*What is needed*: The needed output is the run of lines below from the one containing "Used 2019 Chevrolet" through the one containing "Canon 2034C001 Cyan", copied exactly and free of pictures.

*Records for the exercise*:
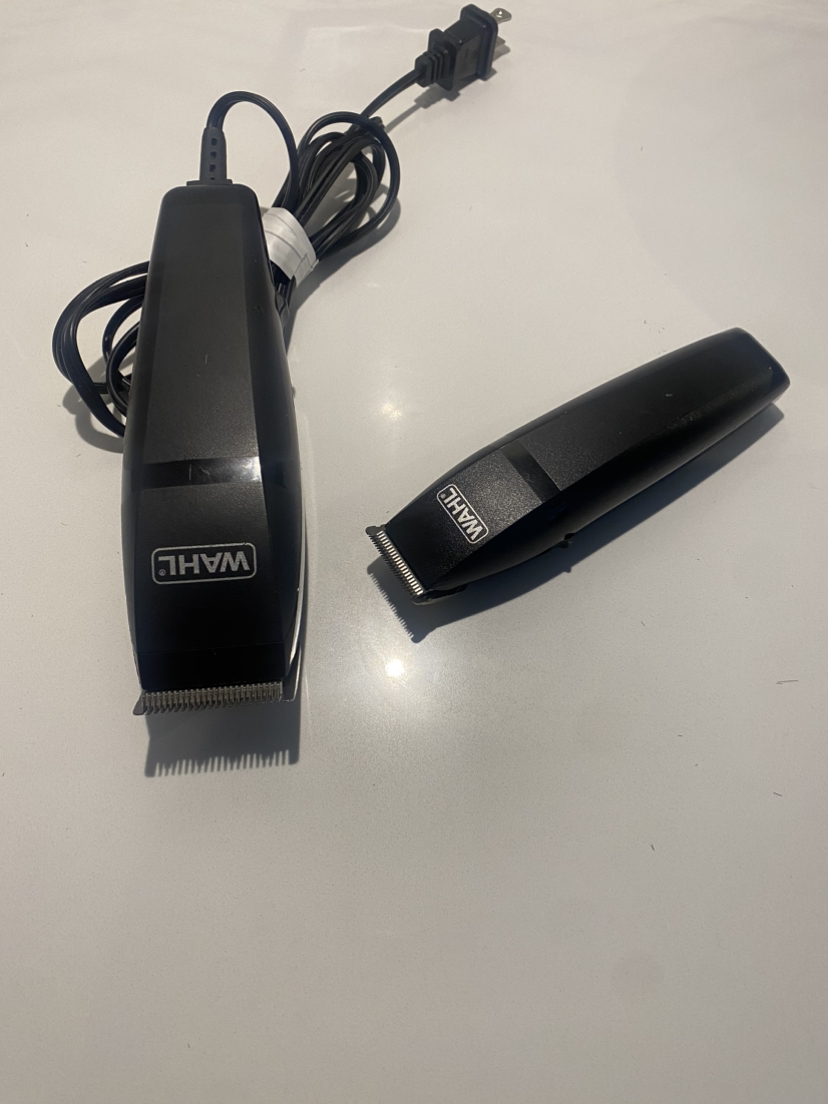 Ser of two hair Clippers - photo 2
...
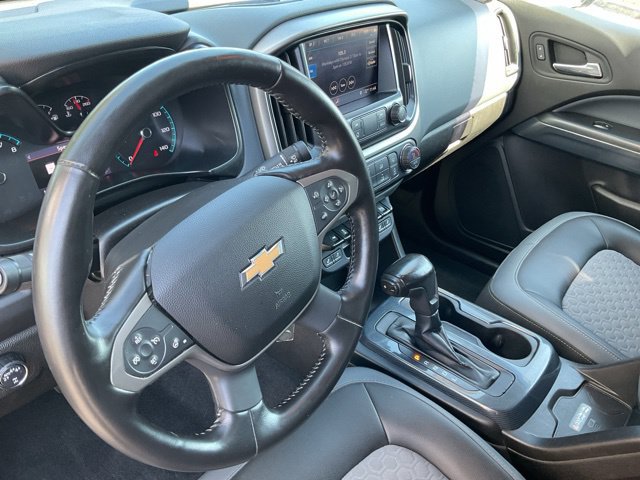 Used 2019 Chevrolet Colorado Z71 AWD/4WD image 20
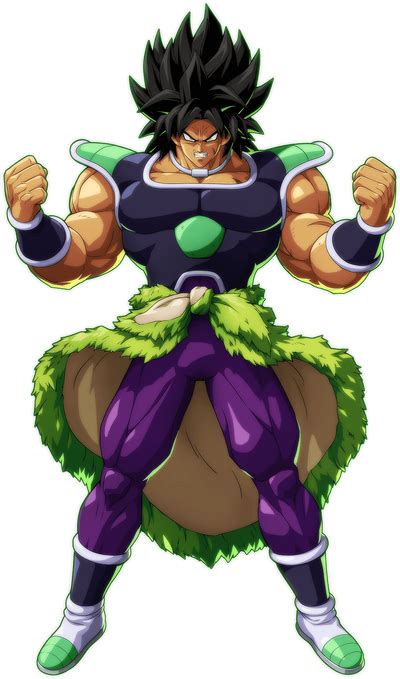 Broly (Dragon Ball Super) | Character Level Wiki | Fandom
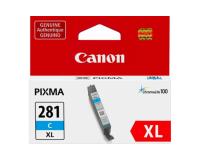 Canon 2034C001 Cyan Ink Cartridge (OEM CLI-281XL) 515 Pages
---
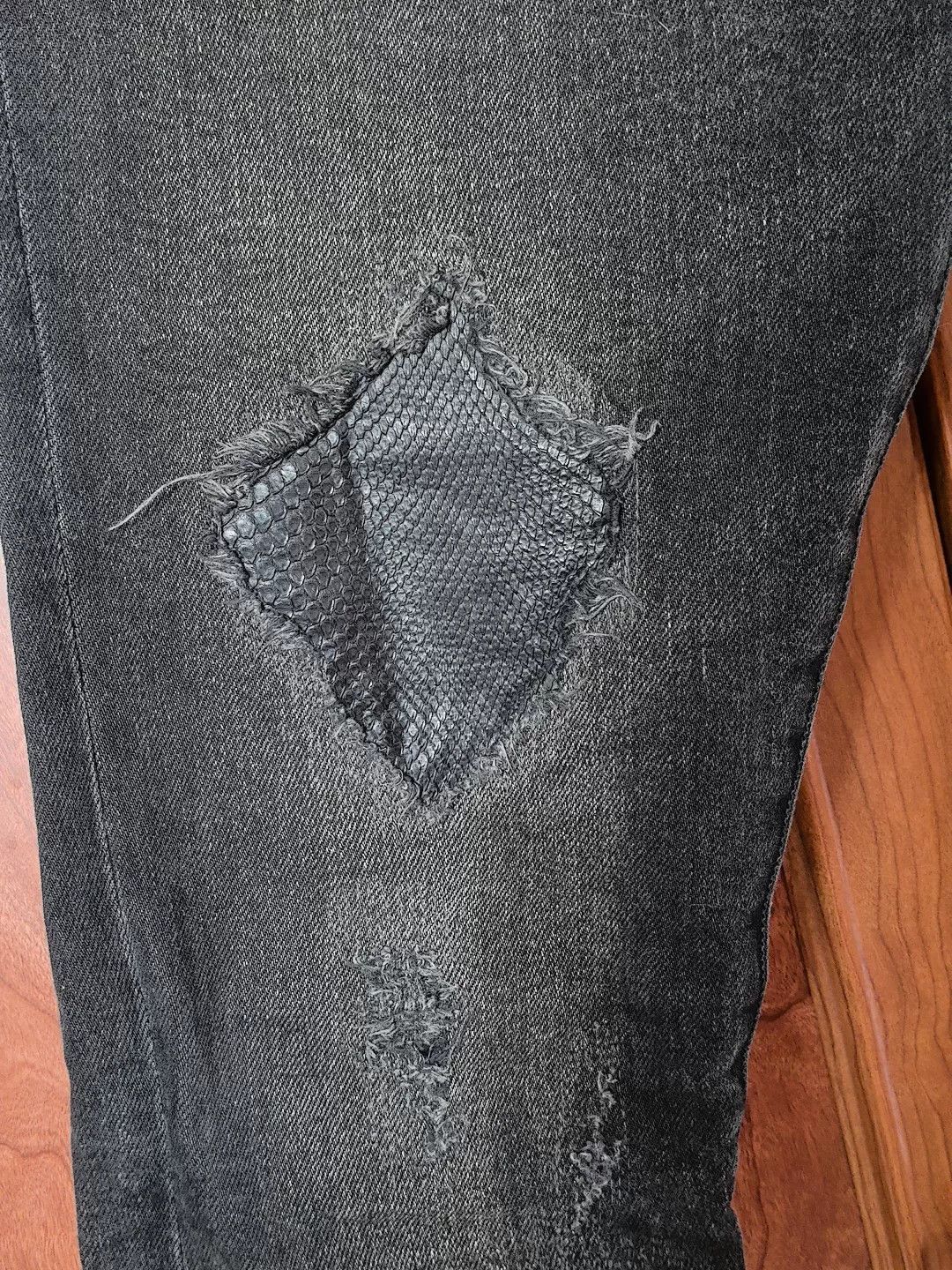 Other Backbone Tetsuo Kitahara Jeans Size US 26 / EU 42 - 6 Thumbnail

*Solution to this problem*:
 Used 2019 Chevrolet Colorado Z71 AWD/4WD image 20
 Broly (Dragon Ball Super) | Character Level Wiki | Fandom
 Canon 2034C001 Cyan Ink Cartridge (OEM CLI-281XL) 515 Pages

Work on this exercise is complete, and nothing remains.